Basic setting of current differential line protection

Line differential relaying

The most common pilot line protection today is directional comparison by use of distance relays. However, the increased availability of digital communications channels has renewed the interest in line differential relaying. Current-only relays have many advantages.

One of the most significant advantages is the simplicity of the scheme with regards to settings. The percentage differential principle originally developed for transformer and generator protection was extended for use on short transmission lines already in the 1930s, and is still widely in use.

These Pilot Wire Relays typically use a telephone type pilot wire channel to exchange analog information between the line terminals.

Three phase sensitivity was often limited to current above load levels in order not to trip for open pilot wires.

For digital current differential line relays, the sound and simple setting principles utilized for pilot wire relays seem to have been forgotten.

Commonly, the most sensitive setting (10 – 20 % of nominal current) is applied and even recommended without any consideration of actual fault current levels for the application. This practice contradicts fundamental relaying principles that balance security, sensitivity, dependability and operating speed of the protection scheme.

For sensitivity, the requirement is to set the relay to detect all faults on the line with a sufficient margin, seldom does this require the most sensitive setting.

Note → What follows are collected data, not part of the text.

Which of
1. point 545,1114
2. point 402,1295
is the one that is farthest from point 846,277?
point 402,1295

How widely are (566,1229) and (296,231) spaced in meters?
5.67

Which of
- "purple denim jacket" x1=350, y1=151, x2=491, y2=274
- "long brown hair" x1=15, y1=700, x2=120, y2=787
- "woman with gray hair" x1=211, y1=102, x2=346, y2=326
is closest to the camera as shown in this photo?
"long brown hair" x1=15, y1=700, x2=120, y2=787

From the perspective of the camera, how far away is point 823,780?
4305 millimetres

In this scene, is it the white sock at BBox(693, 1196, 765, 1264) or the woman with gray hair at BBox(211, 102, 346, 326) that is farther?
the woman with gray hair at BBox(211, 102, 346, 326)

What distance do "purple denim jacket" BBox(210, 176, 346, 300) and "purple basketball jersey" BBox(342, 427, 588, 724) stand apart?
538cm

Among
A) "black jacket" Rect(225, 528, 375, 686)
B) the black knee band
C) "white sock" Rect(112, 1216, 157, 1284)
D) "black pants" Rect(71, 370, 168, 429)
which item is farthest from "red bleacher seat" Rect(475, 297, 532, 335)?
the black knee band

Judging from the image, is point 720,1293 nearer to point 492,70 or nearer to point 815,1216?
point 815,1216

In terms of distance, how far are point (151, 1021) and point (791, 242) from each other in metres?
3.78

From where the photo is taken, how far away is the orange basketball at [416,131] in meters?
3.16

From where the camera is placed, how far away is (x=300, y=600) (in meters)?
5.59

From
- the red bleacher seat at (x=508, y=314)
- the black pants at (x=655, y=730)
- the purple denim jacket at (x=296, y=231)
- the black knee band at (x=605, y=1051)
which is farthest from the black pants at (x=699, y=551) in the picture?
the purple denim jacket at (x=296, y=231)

Higher sensitivity will increase dependability, but decrease security. Too high sensitivity may cause false trips due to ct errors at external faults with high fault currents, or even false trips on load for channel delay measurement errors due to unequal transmit and receive delays.

Operating time, sensitivity, dependability and security requirements are examined for typical applications. Considerations for weak feed conditions, ct errors and ct saturation, and charging current are discussed.

In addition, the effect of channel delay compensation errors and asymmetrical channel delays possible on digital communications networks with regards to setting considerations is examined.